WHAT TO PRODUCE:
What follows is a listing to transcribe exactly, leaving the pictures out.

INPUT RECORDS:
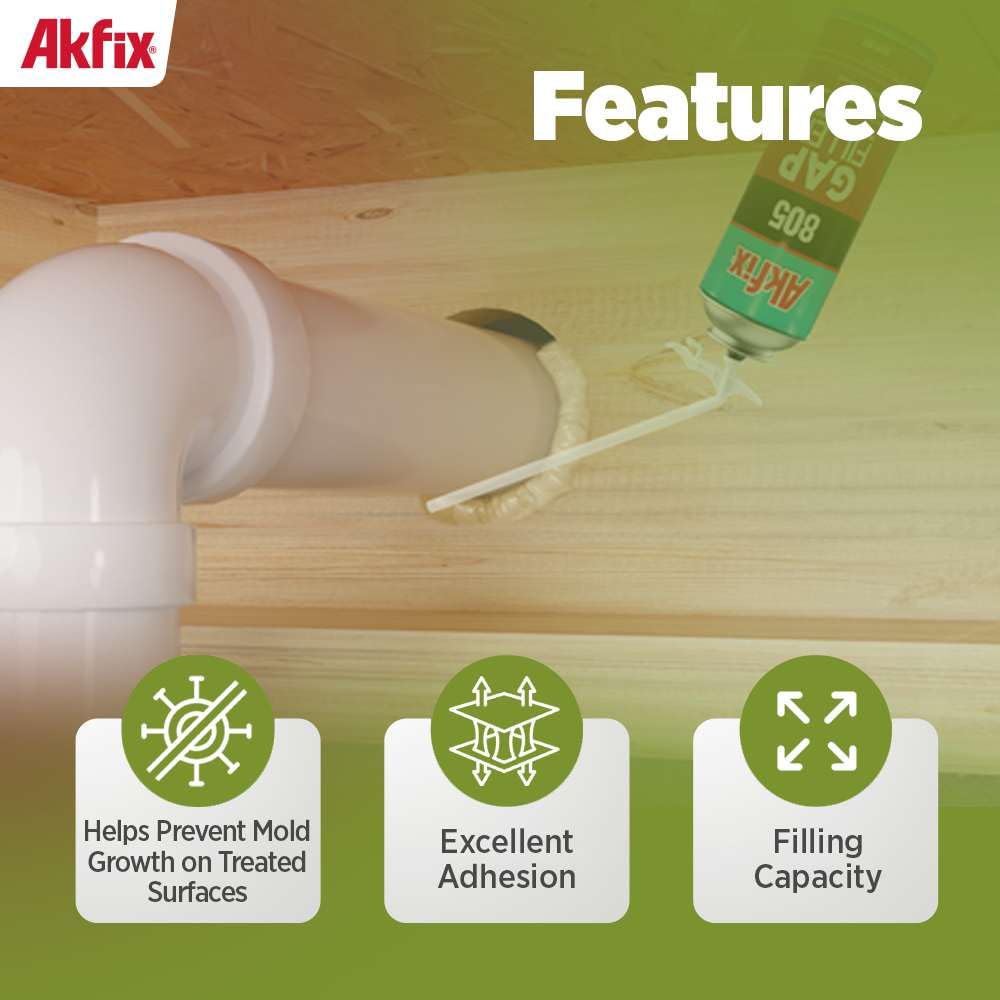 Akfix 805 straw attachment demonstrates precise foam application in tight joints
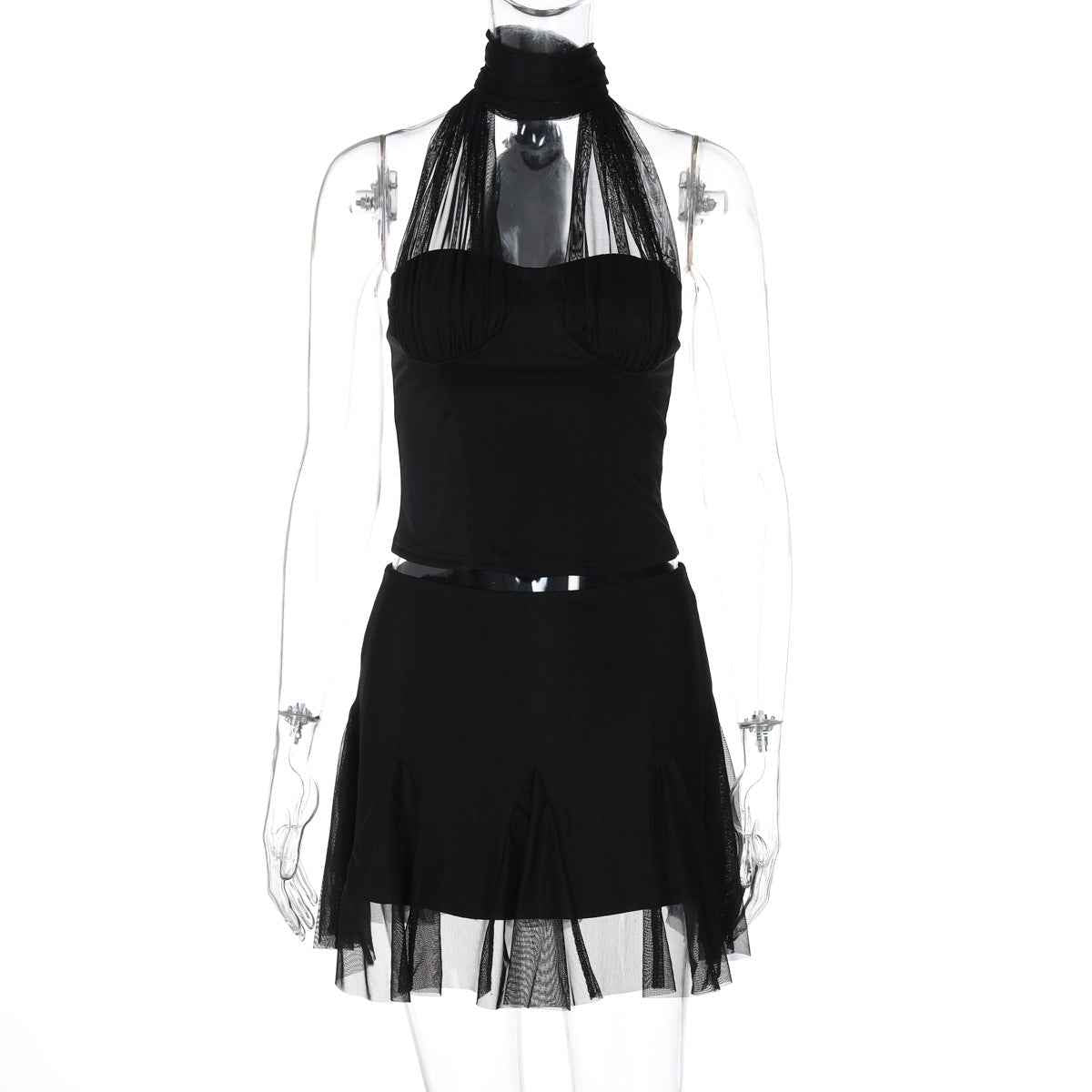 Women Clothing Summer Halter Lace up Small Tank Top Top Ultra Short Skirt Two Piece Sets
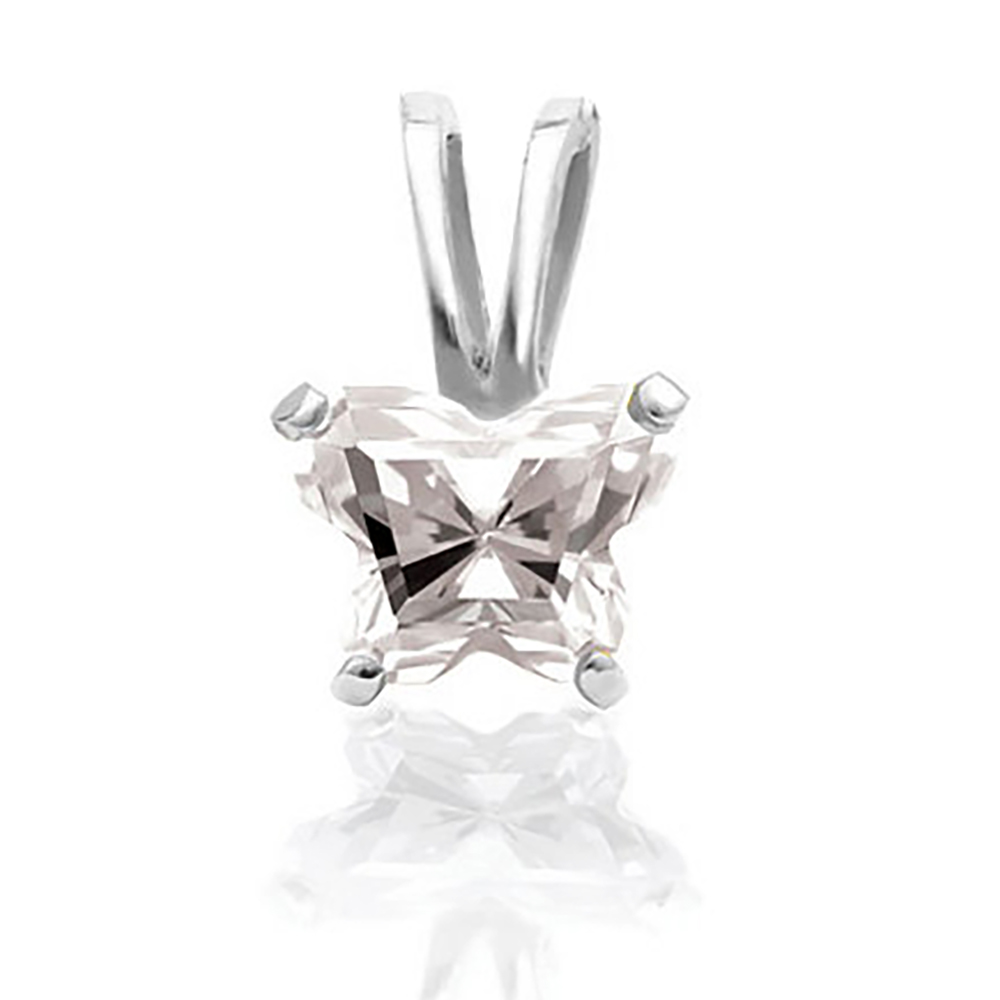 Girl's Bfly White Cubic Zirconia 10k White Gold Pendant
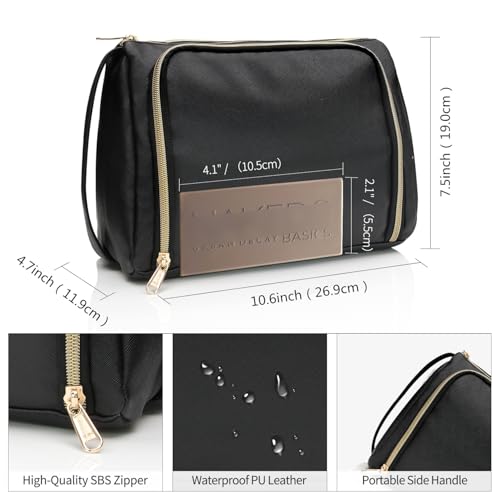 CUBETASTIC Travel Makeup Bag - Large Makeup Pouch Waterproof & Portable Cosmetic Organizer Bag PU Leather Zipper Pouches for Women and Girls - Image 5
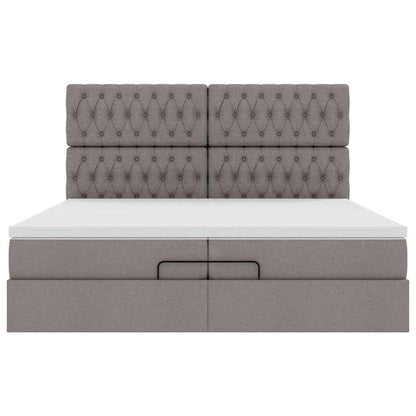 Ottoman-Bett mit Matratzen Taupe 200x200 cm Stoff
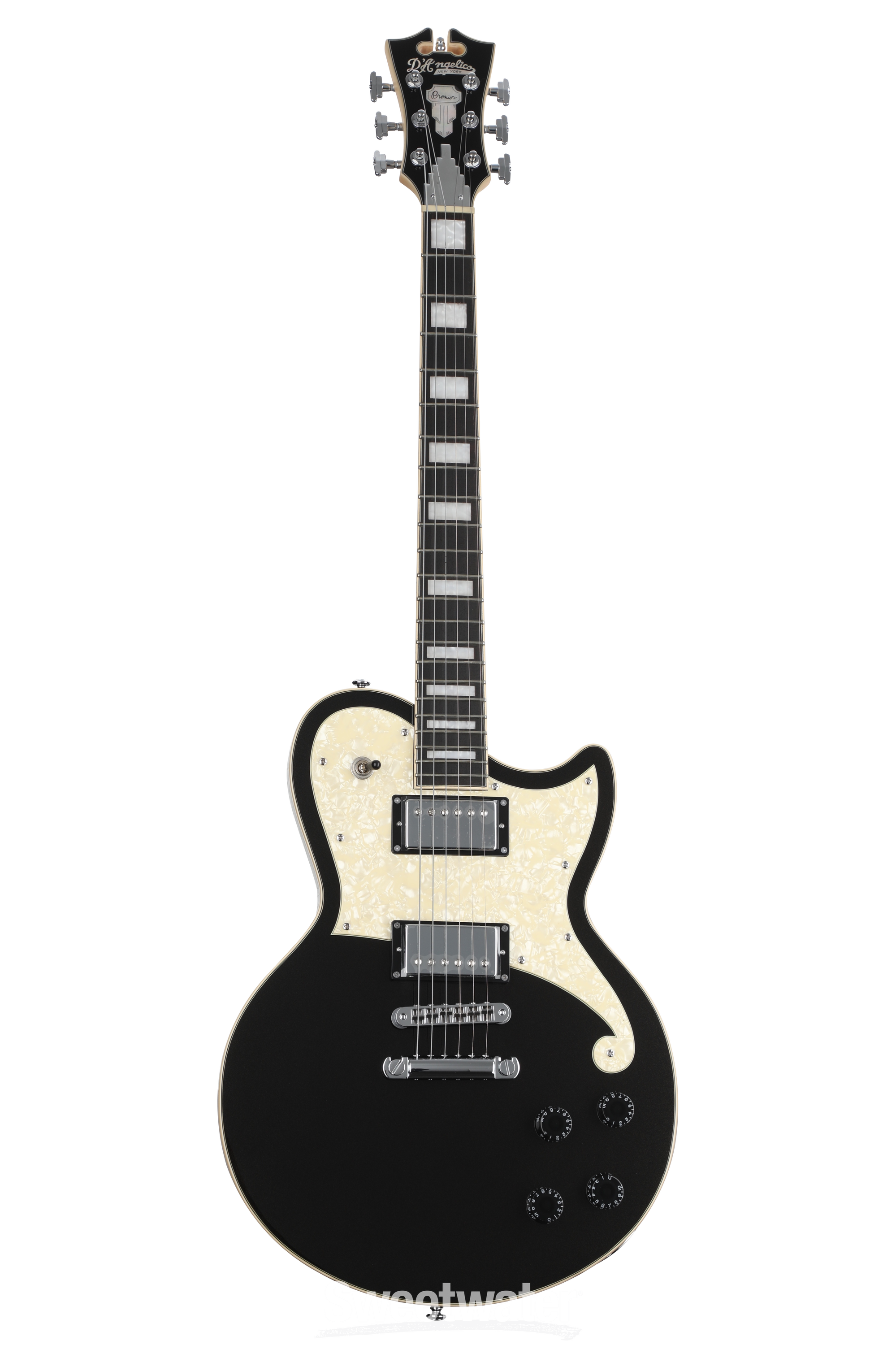 D'Angelico Premier Atlantic Electric Guitar - Black Flake with Stopbar  Tailpiece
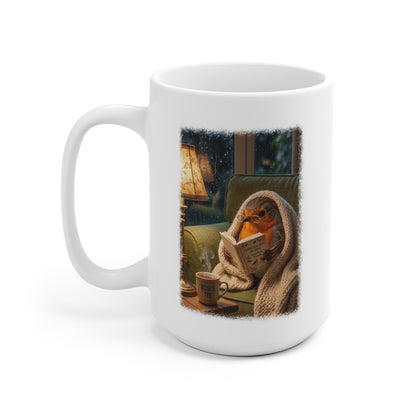 Gemütliche Rotkehlchen Kaffeetasse mit Lese-Motiv | Süße Keramiktasse für Buchliebhaber & Cozy Vibes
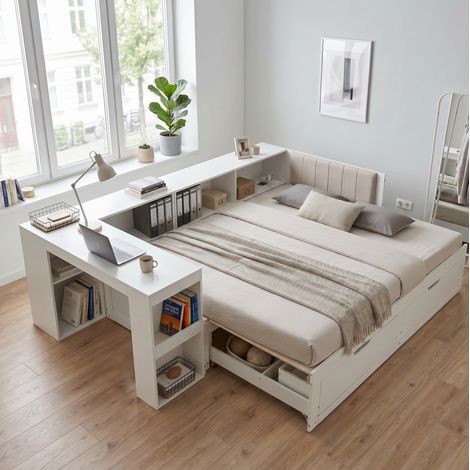 Multifunktionsbett 180/200 cm in Mattweiß mit Schreibtisch, Schubladen und Regalen (1/5)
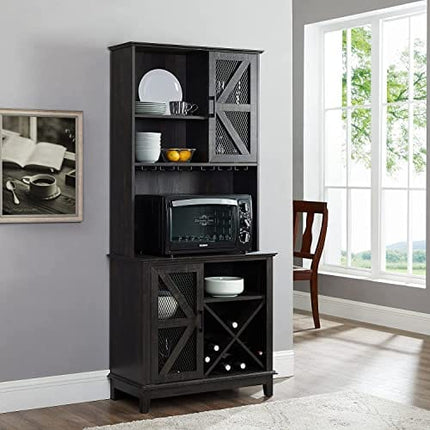 Home Source Lounge or Dining Room Stylish and Modern Charcoal Liquor Bar Cabinet with a Mix of Cabinets and Shelves and Wine Rack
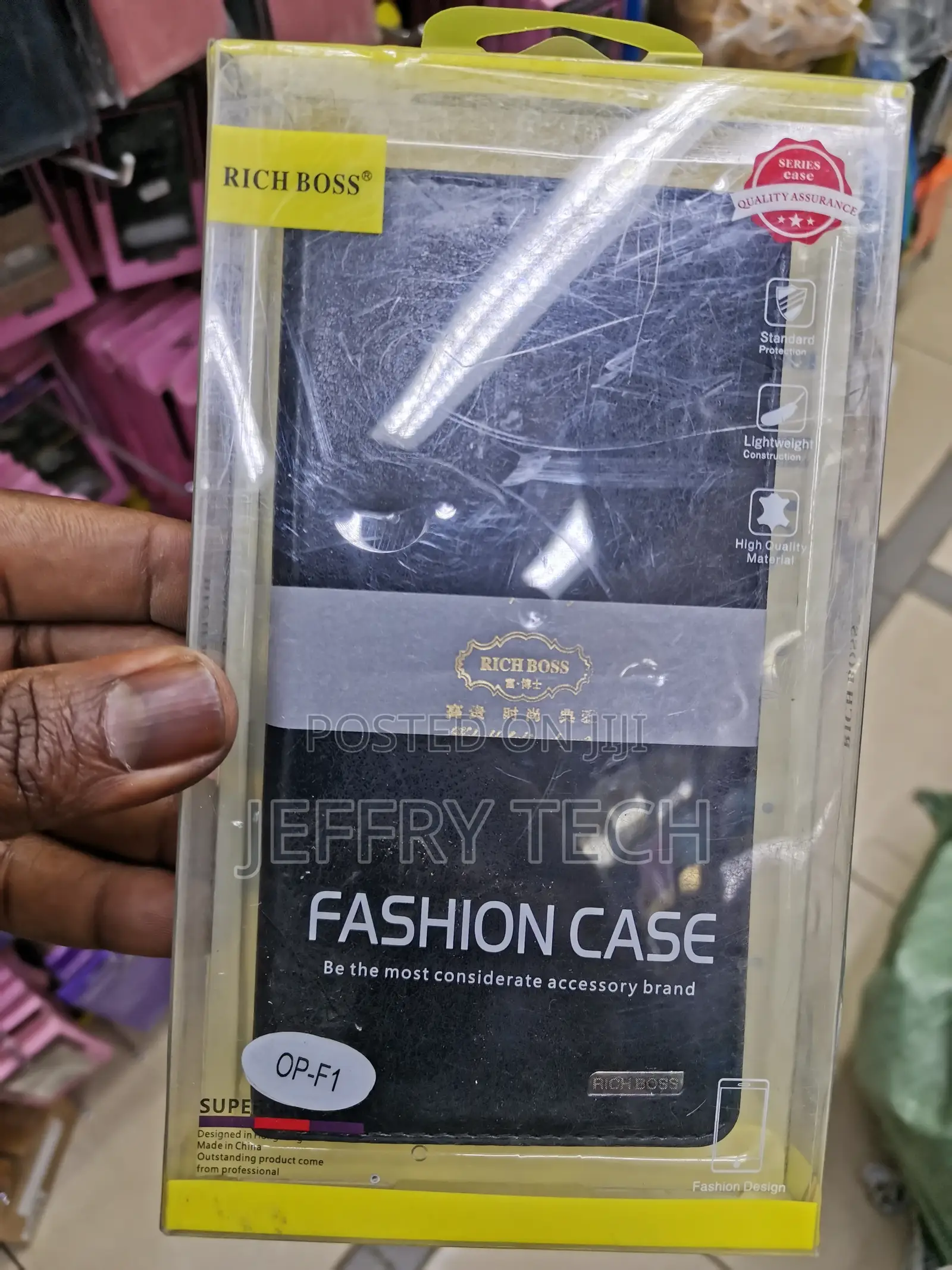 Universal Richboss Leather Flip Cover for Oppo F1 -Black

EXERCISE OUTPUT:
 Akfix 805 straw attachment demonstrates precise foam application in tight joints
 Women Clothing Summer Halter Lace up Small Tank Top Top Ultra Short Skirt Two Piece Sets
 Girl's Bfly White Cubic Zirconia 10k White Gold Pendant
 CUBETASTIC Travel Makeup Bag - Large Makeup Pouch Waterproof & Portable Cosmetic Organizer Bag PU Leather Zipper Pouches for Women and Girls - Image 5
 Ottoman-Bett mit Matratzen Taupe 200x200 cm Stoff
 D'Angelico Premier Atlantic Electric Guitar - Black Flake with Stopbar  Tailpiece
 Gemütliche Rotkehlchen Kaffeetasse mit Lese-Motiv | Süße Keramiktasse für Buchliebhaber & Cozy Vibes
 Multifunktionsbett 180/200 cm in Mattweiß mit Schreibtisch, Schubladen und Regalen (1/5)
 Home Source Lounge or Dining Room Stylish and Modern Charcoal Liquor Bar Cabinet with a Mix of Cabinets and Shelves and Wine Rack
 Universal Richboss Leather Flip Cover for Oppo F1 -Black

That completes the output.